Research – Wazny et al. Setting global research priorities for integrated community case management (iCCM): Results from a CHNRI (Child Health and Nutrition Research Initiative) exercise (article # 020413)

Private sector – Awor et al. Integrated community case management and the private sector in africa – a relevant experiences and potential next steps (article # 020414)

Conclusions – Young et al. The way forward for integrated community case management programmes (article # 020304)

In regards to policy and scale up Rasanathan et al report on the results of survey on iCCM in sub-Saharan Africa and in a viewpoint summarizing policy issues that impact scale up and sustainability.

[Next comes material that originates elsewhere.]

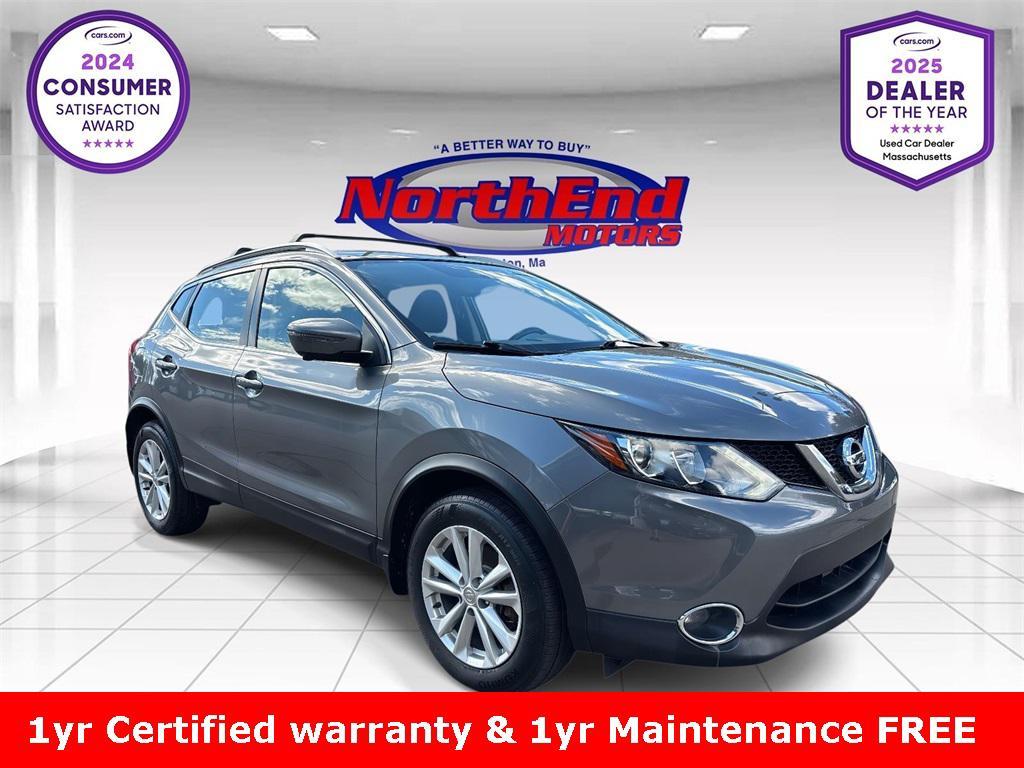 used 2018 Nissan Rogue Sport car, priced at $16,500
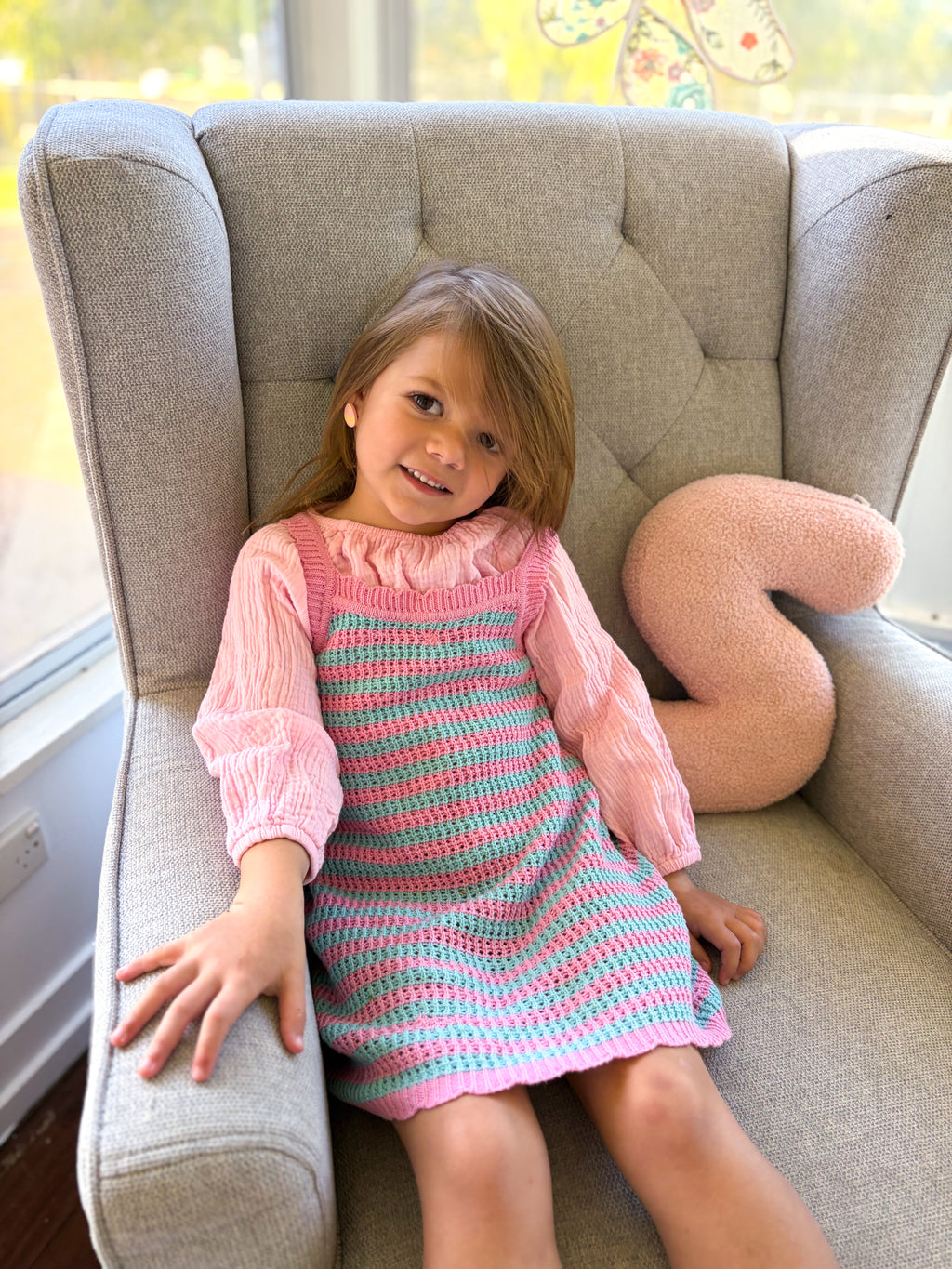 Lolly Pink Paige Top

In the area of human resources and deployment Pratt et al detail the use of GIS mapping in three states in Southern Sudan to improve deployment of CHWs. For training and quality Bosh-Capblanch et al provides a systematic review of training supervision and quality of care, while Stratchan et al present a qualitative assessment of implementation practices in 3 African countries. In regards to maintaining supply chains Chandani et al describe how three countries were able to ensure commodities and supplies reached community health workers, while Sheishia et al describe an innovative technology to track supplies in Malawi. To examine costs of iCCM, Jarrah et al describe the cost drivers of iCCM in multiple countries using standardized methods. In the area of monitoring and evaluation Guenther et al put forth components and attributes of a comprehensive monitoring system for iCCM, while Oliphant et al use routine monitoring from multiple country programs to demonstrate the utility of these data to examine key factors of program success or failure. Diaz et al review the study design and data elements collected for multiple recent evaluations of iCCM to suggest how such evaluations can be done in the future. In regards to demand, Sharkey et al present experience in two countries and the lessons learned on demand generation and social mobilization for iCCM. Finally, in the area of impact and outcome evaluation Agbessi et al report on the limitations of measuring and using mortality to assess iCCM as an end point in several countries in Sub-Sharan Africa and Friberg et al demonstrate how the Lives Saved Tool could be used to model the mortality impact of iCCM.

In addition to the articles covering the key thematic areas of the symposium we also have three additional articles. Awor et al describe how the private sector can contribute to iCCM. Aboubaker et al also present the role of Community Health Workers in newborn survival. Based on a systematic process to prioritize research areas, known as CHNRI (Child Health and Nutrition Research Initiative) Wazny et al report on priority iCCM research areas that are still needed. Finally, using the evidence available, Young et al suggest a way forward to improve and sustain iCCM where it is needed. This comprehensive set of articles provides the latest evidence for improving iCCM programs and ways to better monitor and evaluate such programs.